Unfortunately, that's not really what rent to own means. In real estate, rent to own refers to what is actually known as a lease option or lease with option to buy. This is similar to a car lease, except with a house. In a lease option, you agree to rent the house for a specified amount of time and then have the option to buy the house at any point during or at the end of the lease period. In turn, your landlord agrees not to sell the house to anyone else until the option period ends. You would both sign a contract binding you to these terms. In other words, rent to own means that your rent converts to ownership, should the contract be fulfilled.

 

Lease option contracts can contain different terms. But there are some things that you will commonly see in a contract. First, it's common for the landlord/seller to ask for option money upfront. Basically, this is money that you pay in order to reserve first rights to the house. This option money may or may not go towards the purchase of the house. Second, the rent you pay every month during the option period most likely will not go fully towards the purchase price of the house. In fact, with some contracts none of that rent will go towards the purchase of the house. In other contracts, a portion of the rent will go towards the purchase of the house, but you will often pay a higher rent amount when this happens. Lastly, should you not purchase the house within the option period for any reason, any and all money you paid up until that point will be forfeit.
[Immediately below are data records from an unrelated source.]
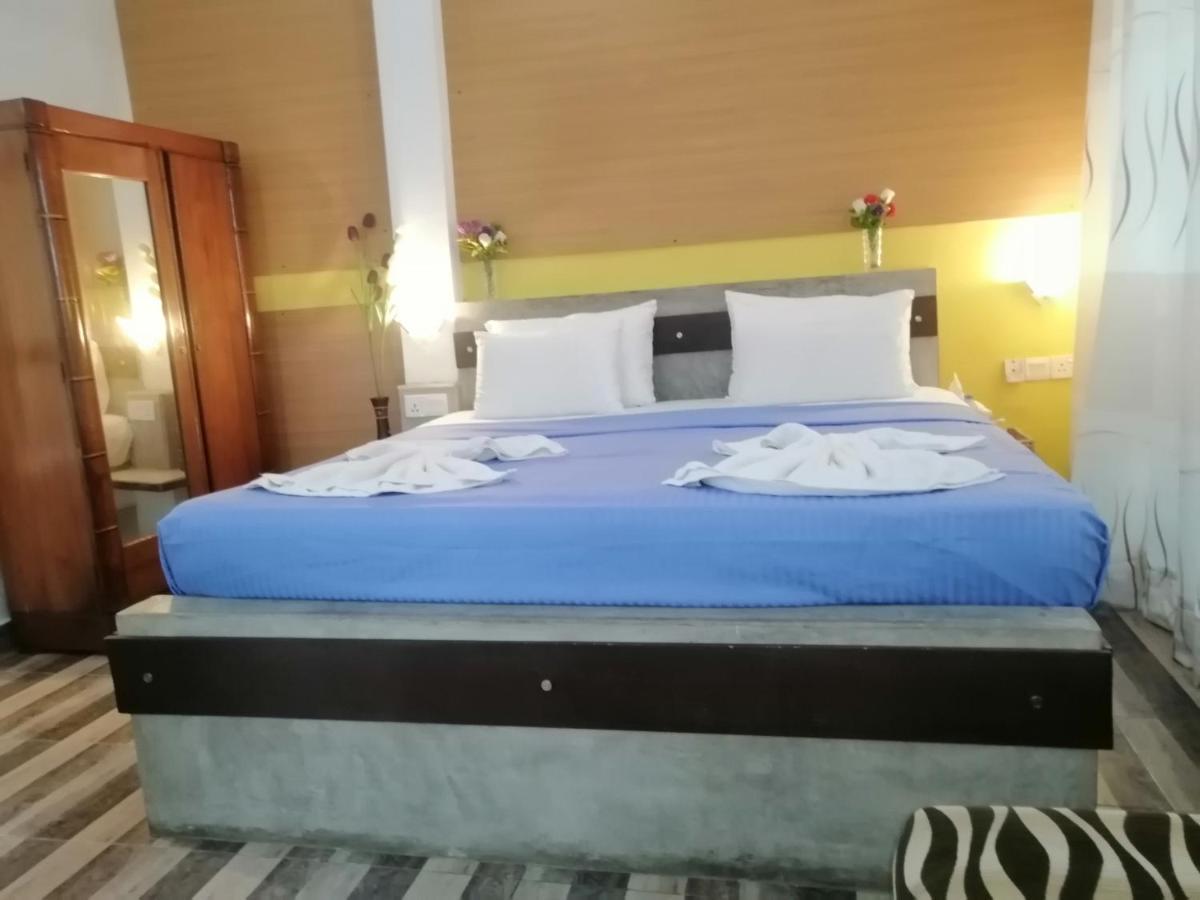 Le Petit Hotel & Restaurant Negombo Eksteriør billede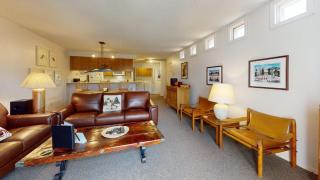 Habitat Condo A7 - 9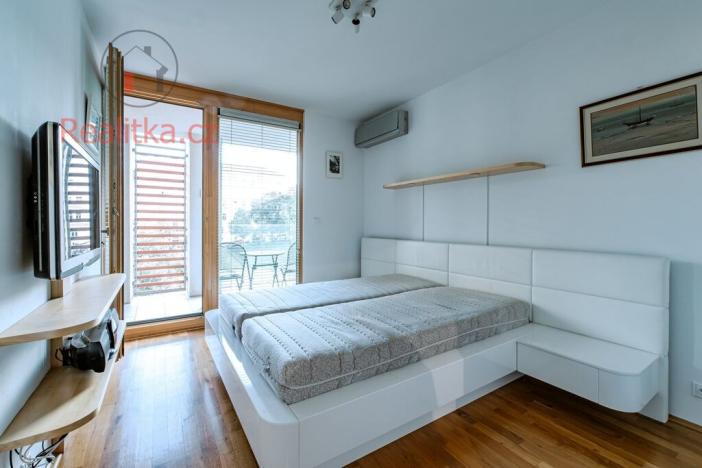 Prodej bytu 2+kk, Praha - Žižkov, Havlíčkovo náměstí, 60 m2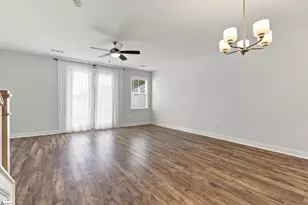 116 Turfway Dr, Greer, SC 29651 - Photo 6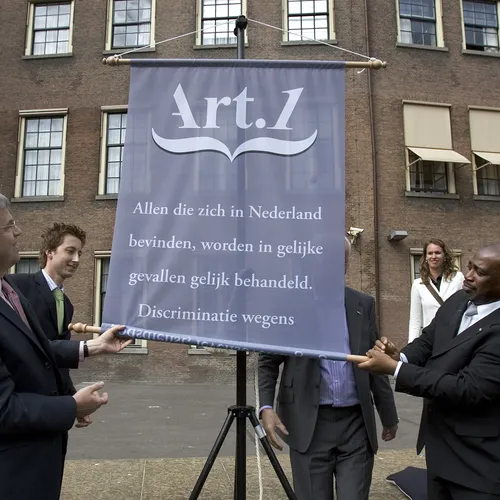 Wat is artikel 1 (Art. 1) van de grondwet?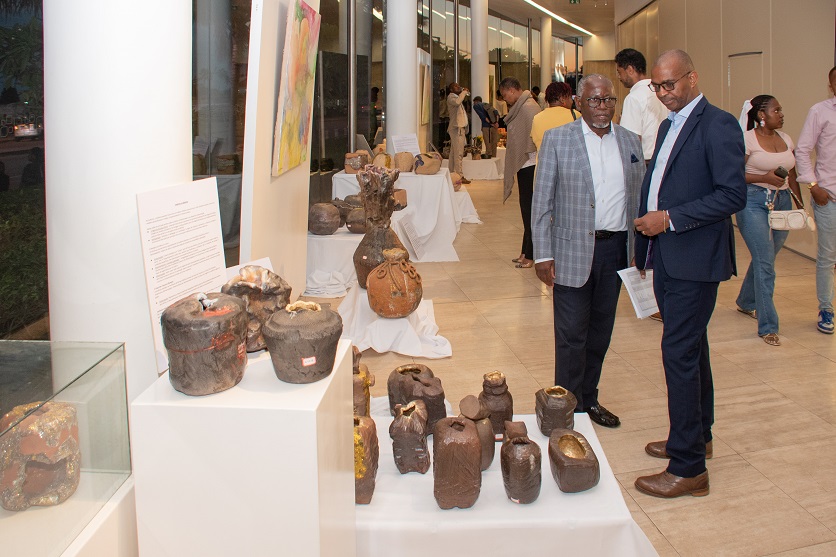 Exposição “Viagens em Memórias Longínquas” Patente no Auditório do BCI em Maputo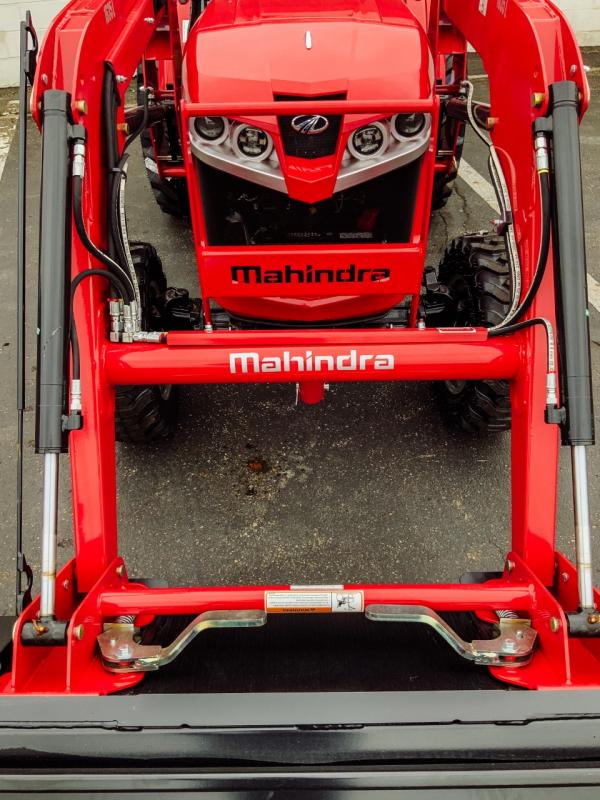 2022 Mahindra MAHINDRA 1635 HST LOADER Tractor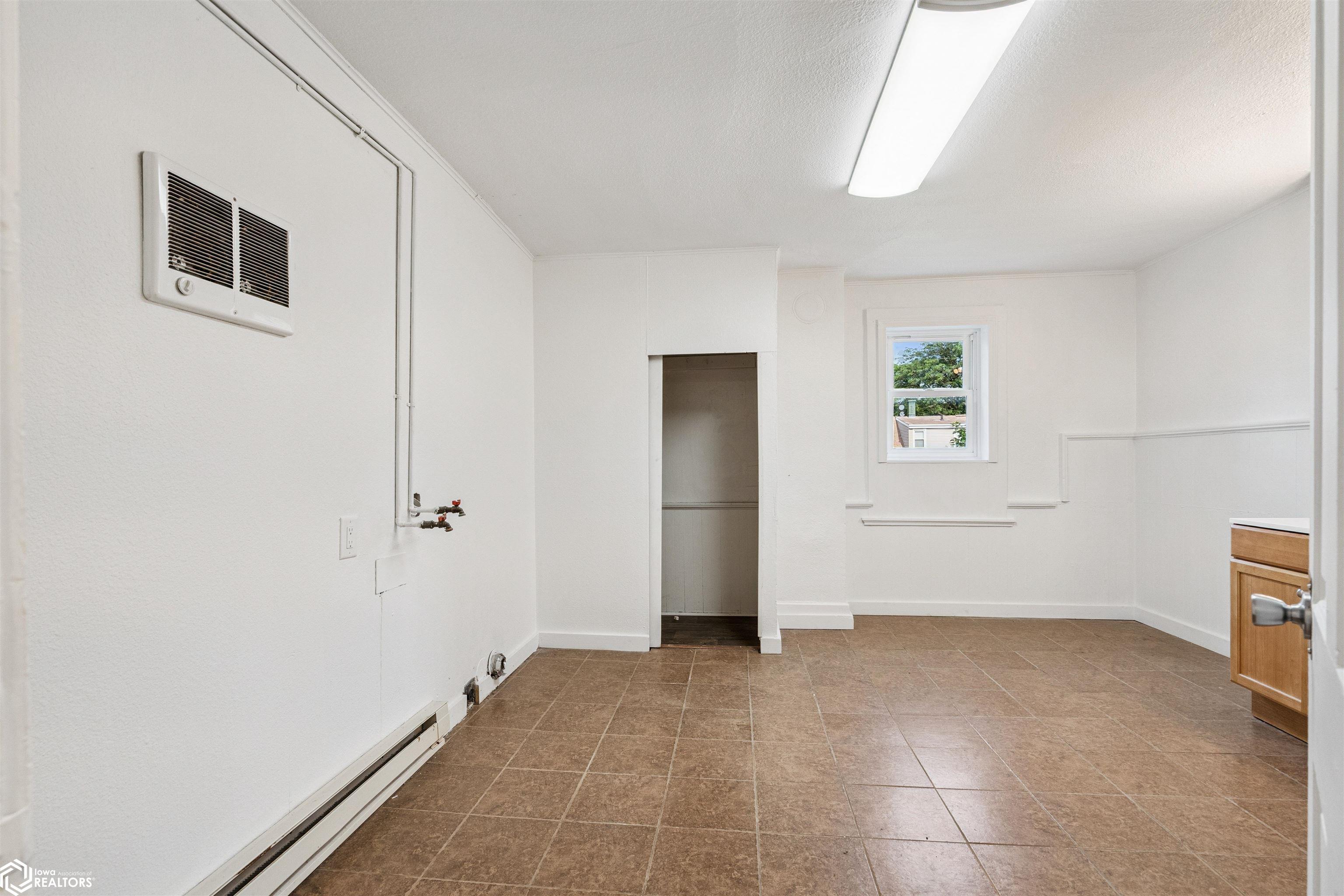 513 Hagemann Avenue, Burlington, Iowa image 14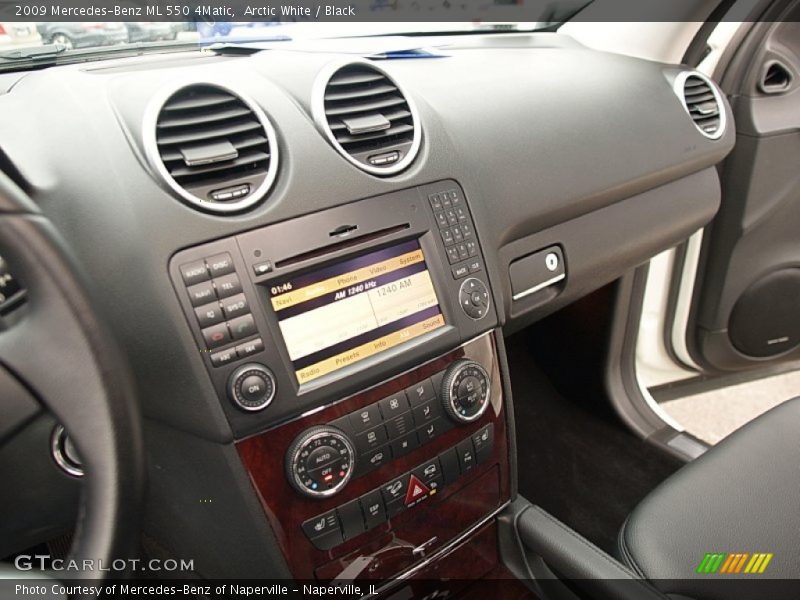 Arctic White / Black 2009 Mercedes-Benz ML 550 4Matic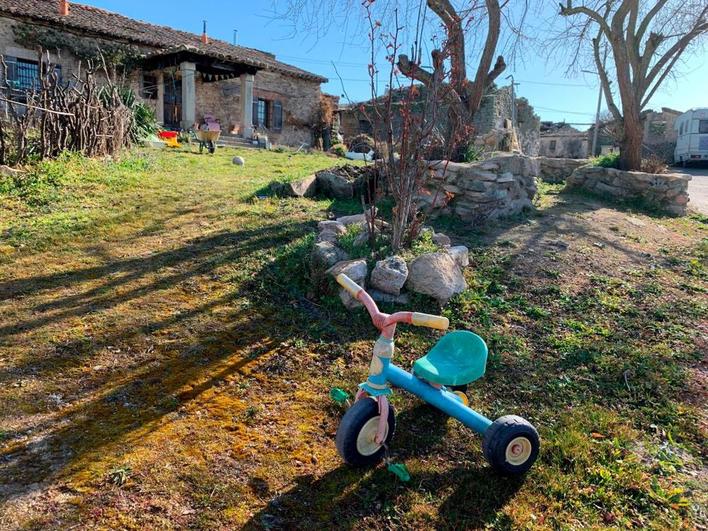 Casa de la familia con cuatro niños, con el triciclo a la entrada.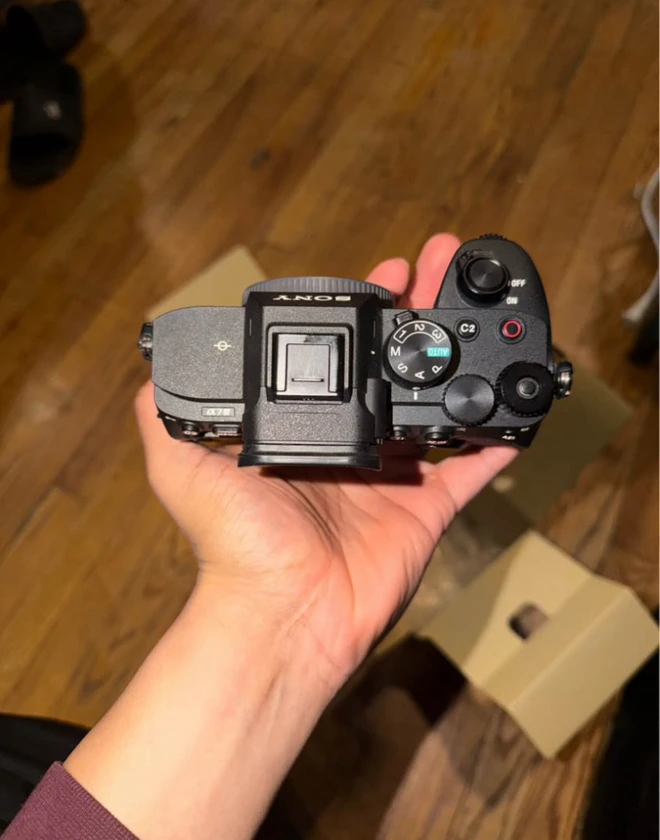 sony alpha a7iv thumbnail 3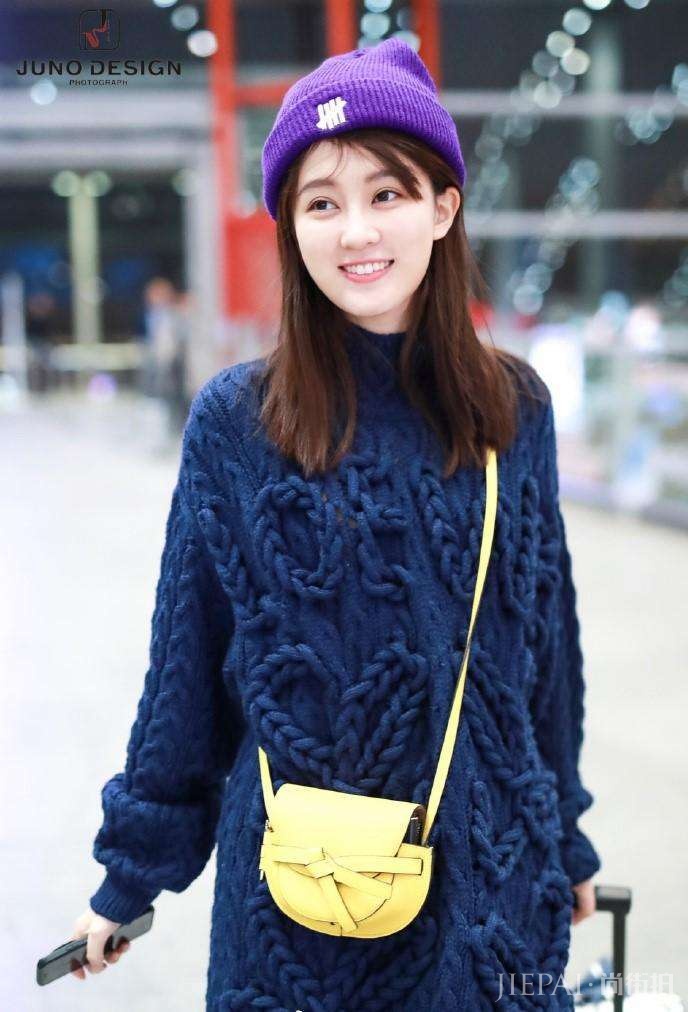 乔欣挑战长毛衣，腰长了一倍还秒变小短腿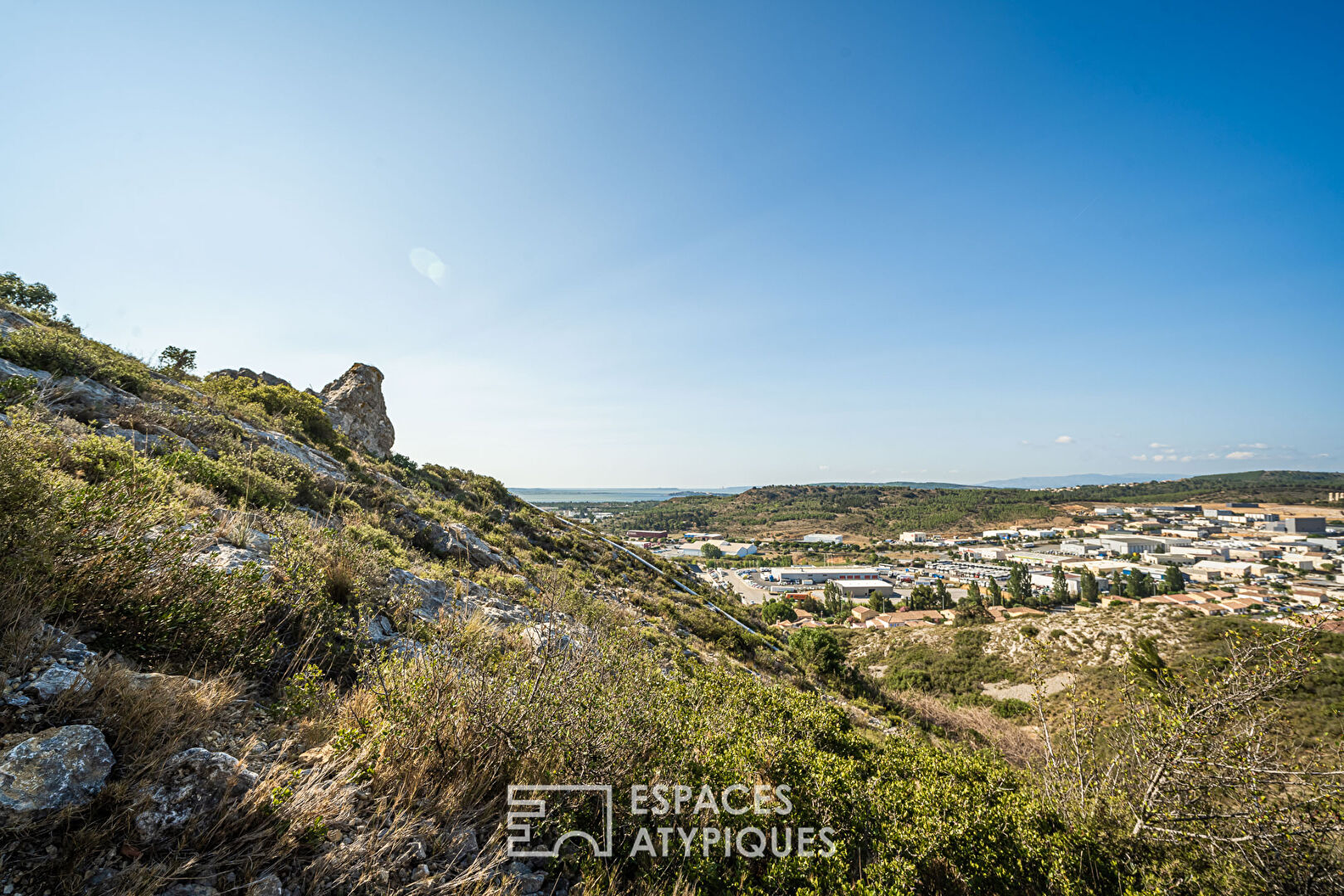 Terrain diffus avec vue sur l’étang de Bages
This means that when you don't purchase the house, you lose your option money and any extra rent you may have paid.

 

Rent to own can be an option if you do not have the credit in order to go through a traditional home purchase because it gives you the time to repair your credit. However, it may not be the best option for many people because you have a very good chance of losing the money you put towards purchasing the house.

 

There is another type of purchase that resembles the common misconception of rent to own, which is owner carry or seller financing. In this type of contract, the owner/seller of the house finances the purchase. In other words, instead of borrowing money from the bank, the owner will sell the house to you and then you pay all your house payments to the seller. This can be another option for those who do not qualify for a loan through a bank or mortgage broker due to credit. However, seller financing contracts often require large down payments because the seller needs some guarantee that you will actually make your payments. In addition to this, many times seller financing contracts will have higher interest rates than the current interest rates offered through a traditional lender.

 

One reason people might look at these options is because they feel like they do not have the money for a down payment. However, both of these options will most likely require money up front. And there are loan programs available that require either a low down payment or no down payment at all. So, if lack of a down payment is what is prompting you to look at other options, it may be a good time to talk with a lender and see if you qualify for any of these programs.

 

Owning a home is a dream that many people have, but many people also often find themselves in situations where they think it's not possible. Rent to own houses (lease options) and seller financing are two options that may give people who don't qualify for a loan based on credit will often consider. However, both of them do have disadvantages that should be considered before going that route. For many people, continuing to rent while getting credit counseling or credit repair help to establish credit or raise their credit score may be their best option.  That may not be what most people want to hear, but when getting ready to make what may be the largest investment of you life, exploring all options and understanding the pros and cons of each is the wisest thing to do.